*** Begin section ***
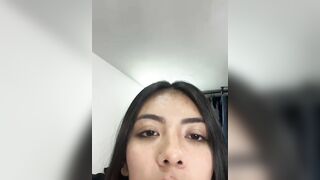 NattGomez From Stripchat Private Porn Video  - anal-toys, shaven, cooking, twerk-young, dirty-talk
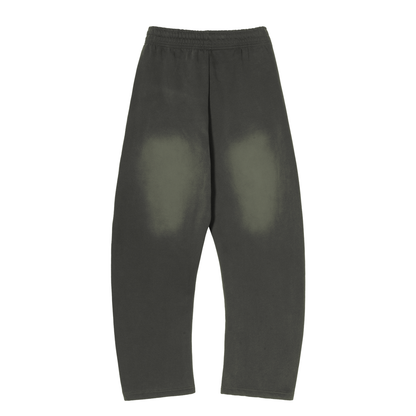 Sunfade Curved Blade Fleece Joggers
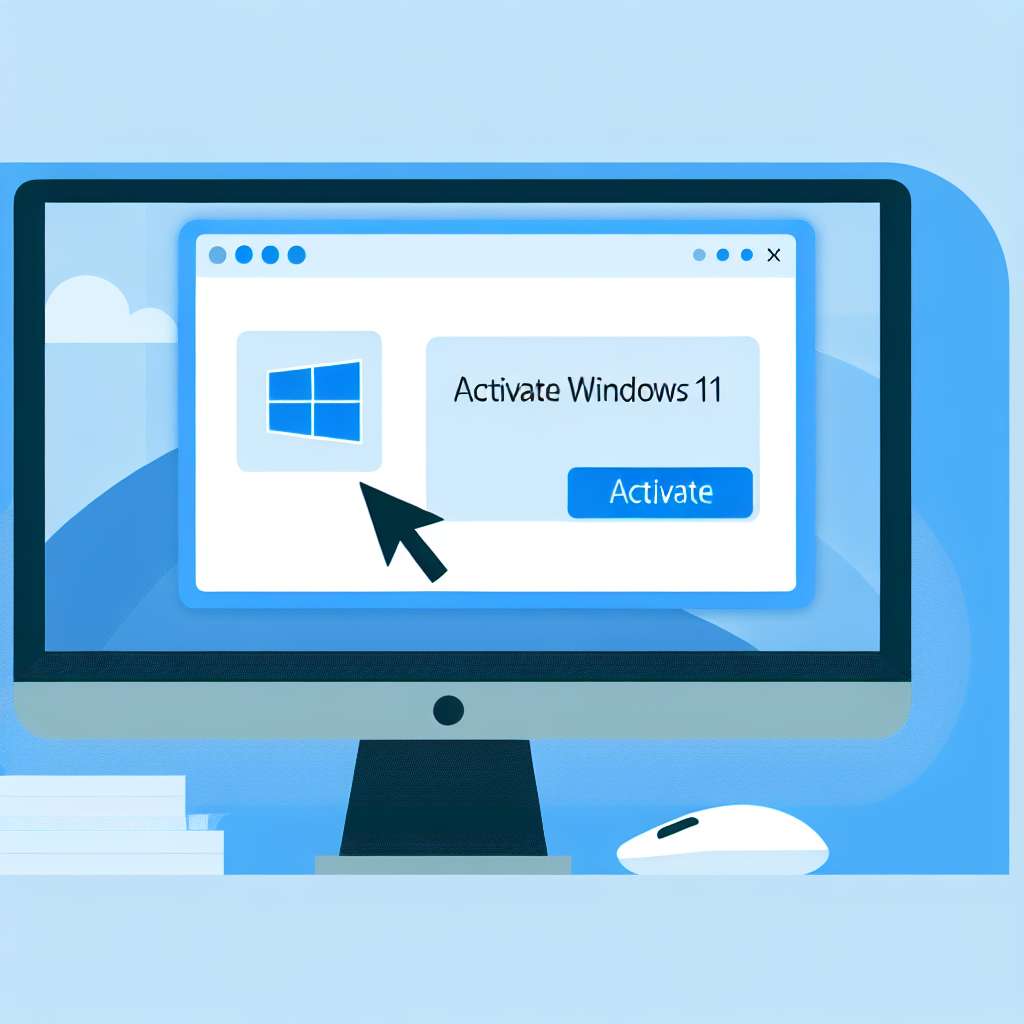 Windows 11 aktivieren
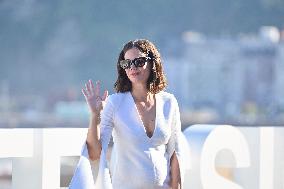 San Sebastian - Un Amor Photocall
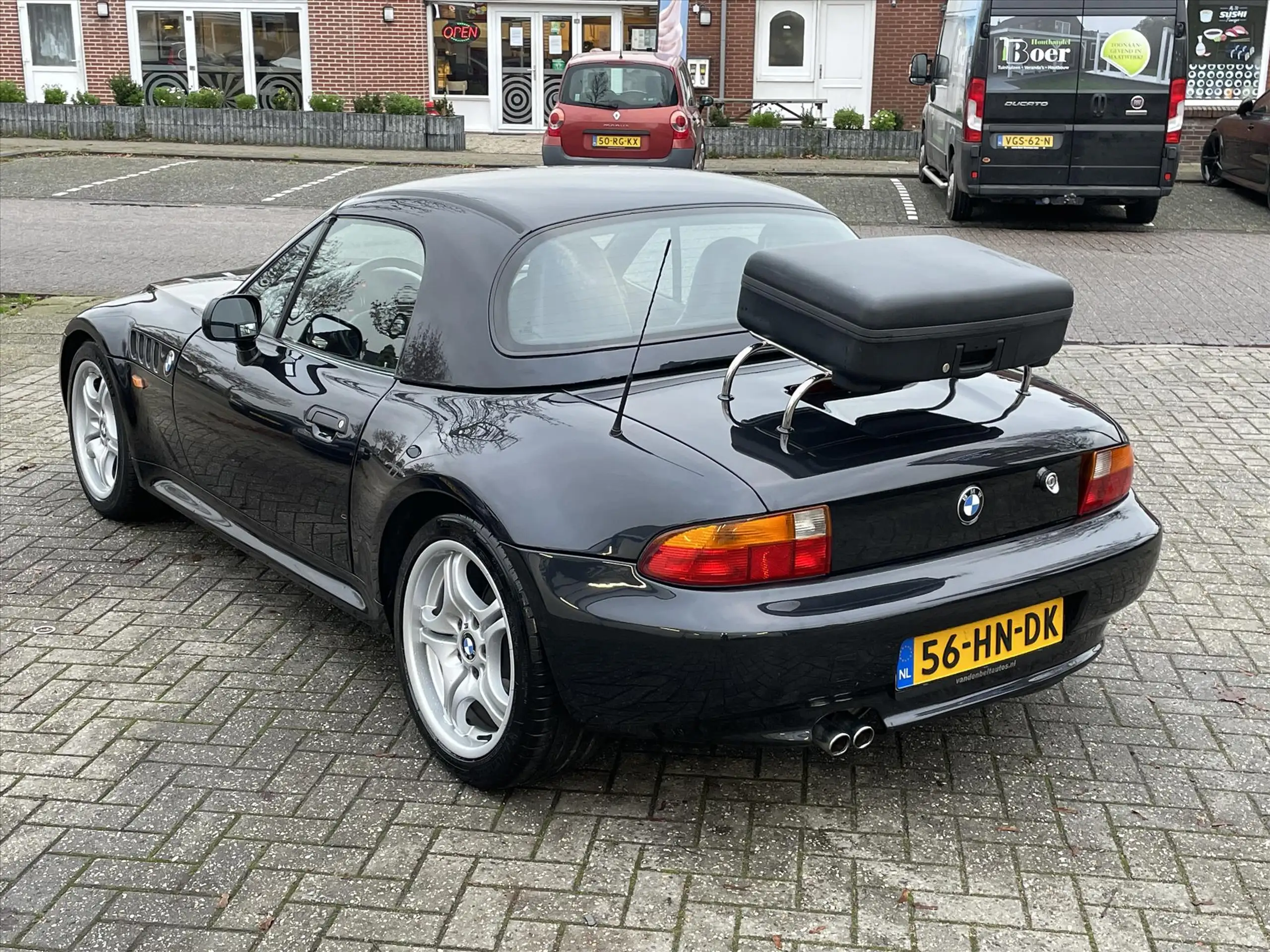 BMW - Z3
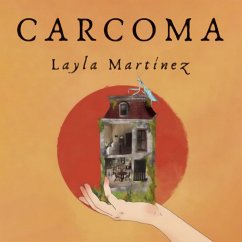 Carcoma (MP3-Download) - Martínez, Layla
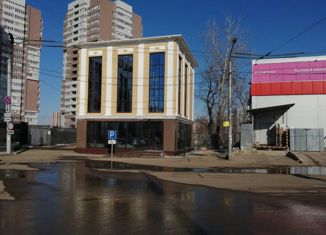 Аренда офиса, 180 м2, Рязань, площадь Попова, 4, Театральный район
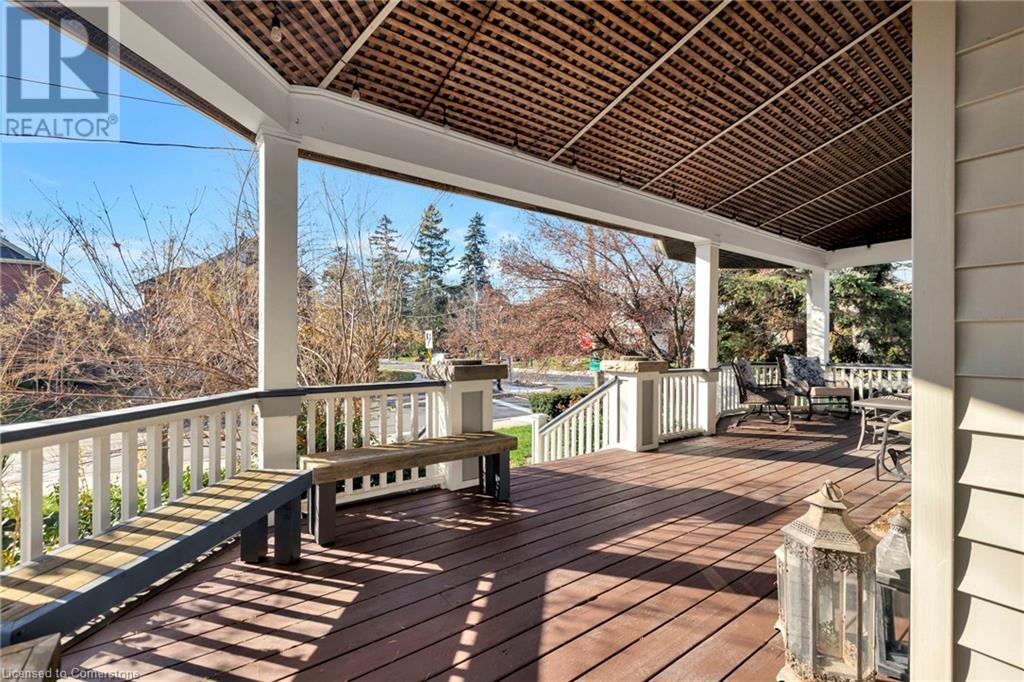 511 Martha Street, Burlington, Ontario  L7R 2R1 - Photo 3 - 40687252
*** End section ***
*** Begin section ***
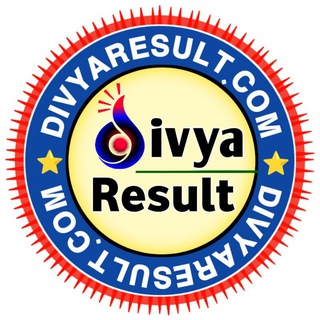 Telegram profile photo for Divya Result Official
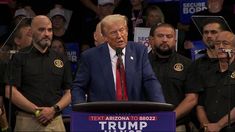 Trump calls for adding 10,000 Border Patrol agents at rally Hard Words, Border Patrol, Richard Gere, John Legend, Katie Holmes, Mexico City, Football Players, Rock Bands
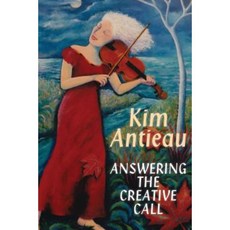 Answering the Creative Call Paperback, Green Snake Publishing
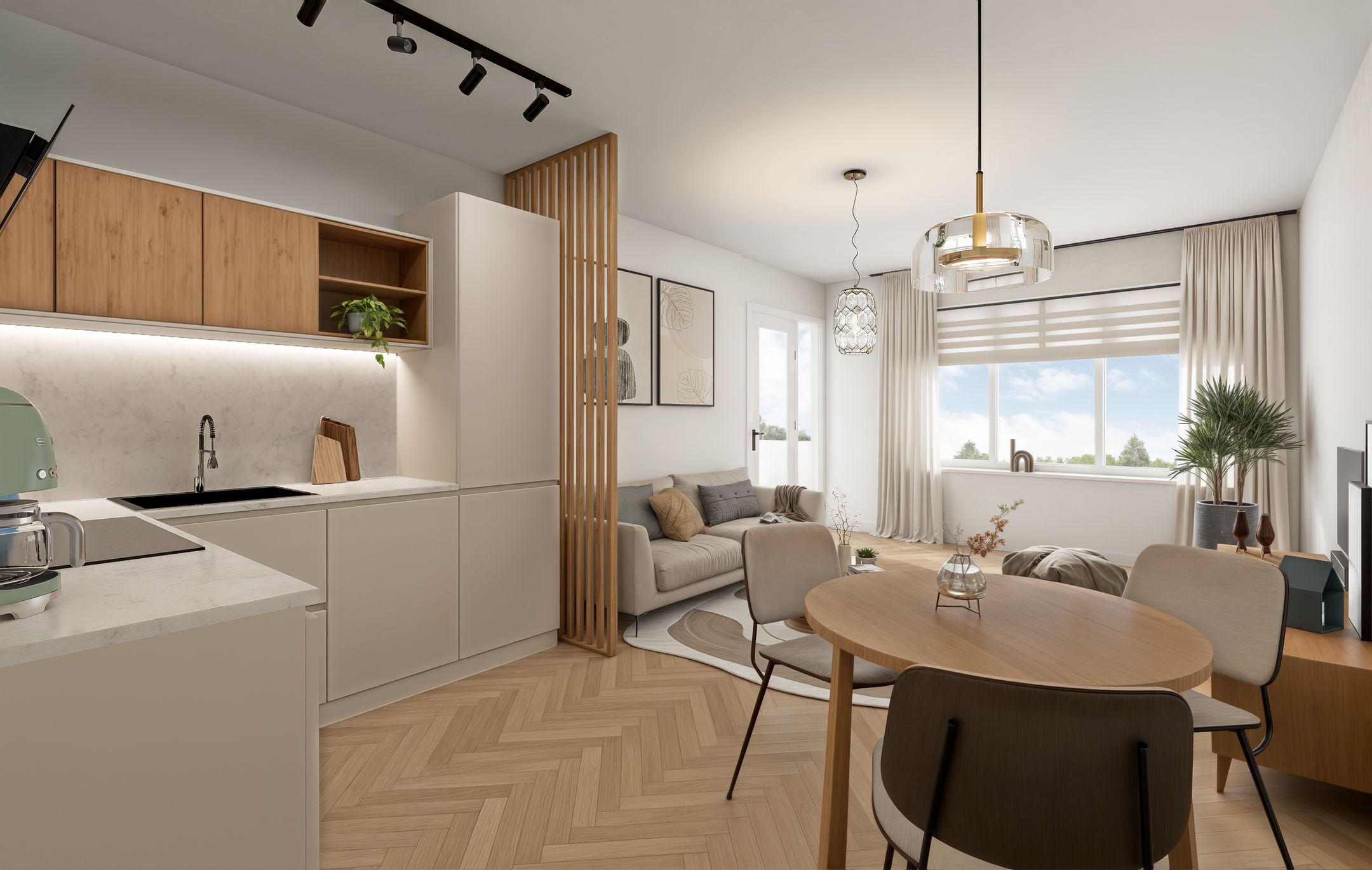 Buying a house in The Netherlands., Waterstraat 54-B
*** End section ***
*** Begin section ***
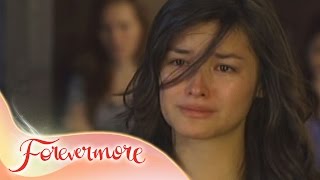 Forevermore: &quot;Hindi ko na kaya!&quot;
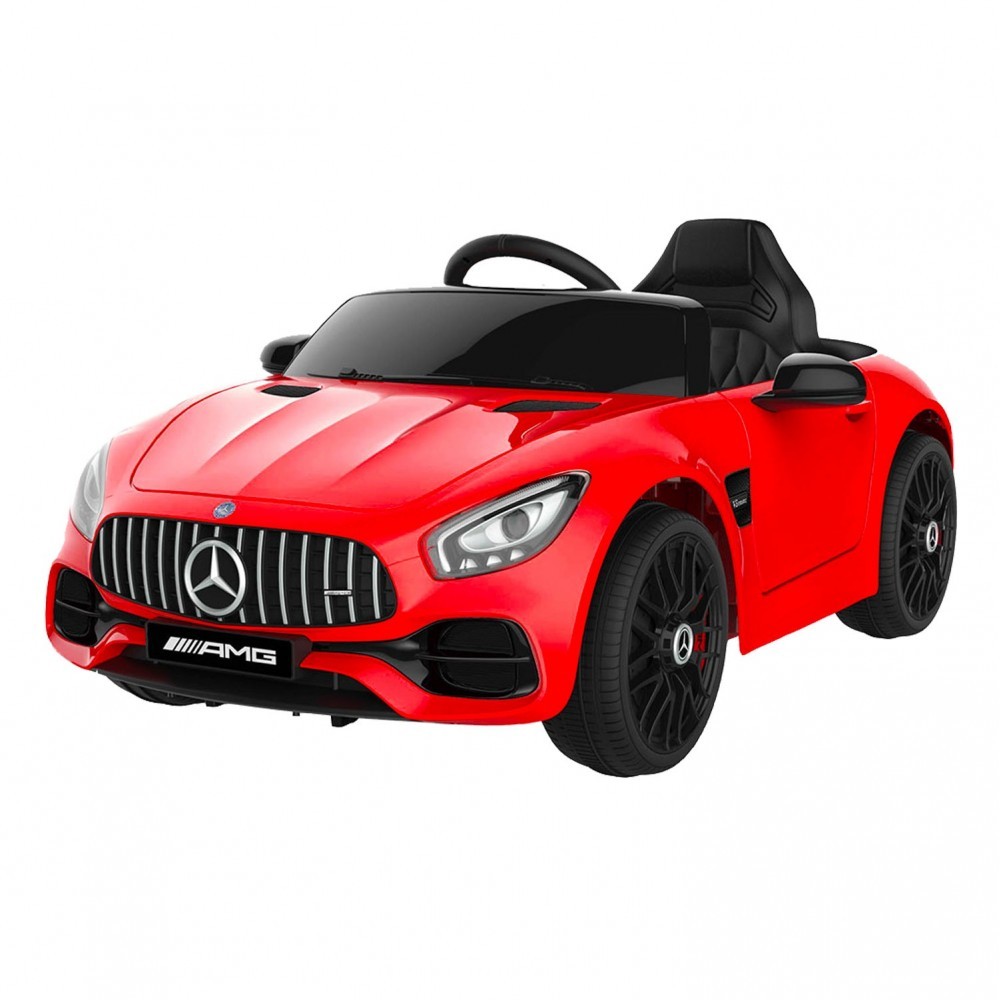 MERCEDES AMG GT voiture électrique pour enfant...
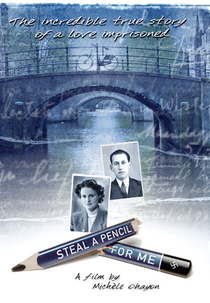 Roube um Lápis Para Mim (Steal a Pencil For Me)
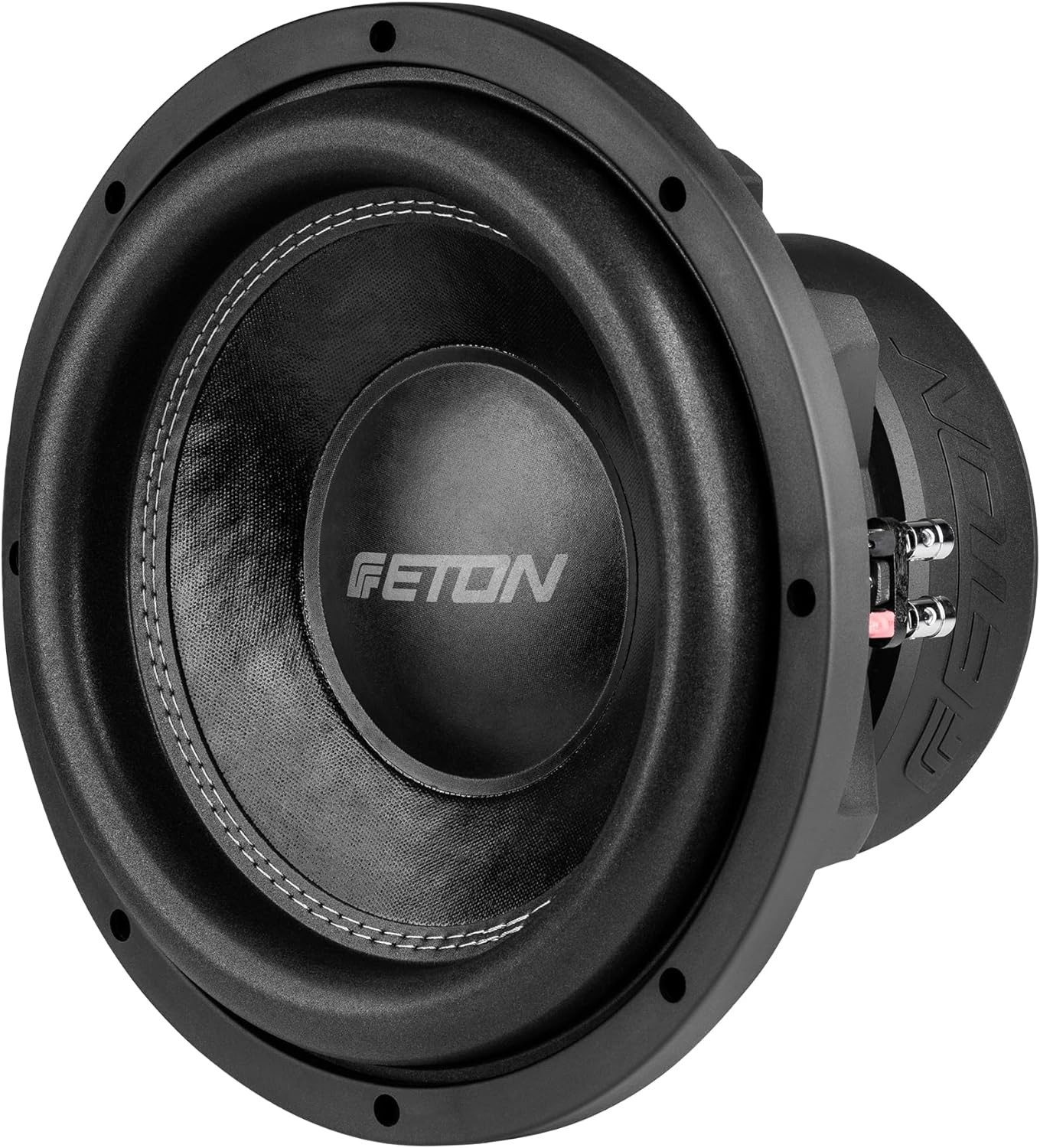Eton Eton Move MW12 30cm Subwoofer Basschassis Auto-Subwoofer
*** End section ***
Problem
All lines above starting at the one with "Аренда офиса, 180" and ending at the one with "511 Martha Street, Burlington, Ontario", inclusive, are to be printed again exactly, with the pictures left out.

Solution to the problem
 Аренда офиса, 180 м2, Рязань, площадь Попова, 4, Театральный район
 511 Martha Street, Burlington, Ontario  L7R 2R1 - Photo 3 - 40687252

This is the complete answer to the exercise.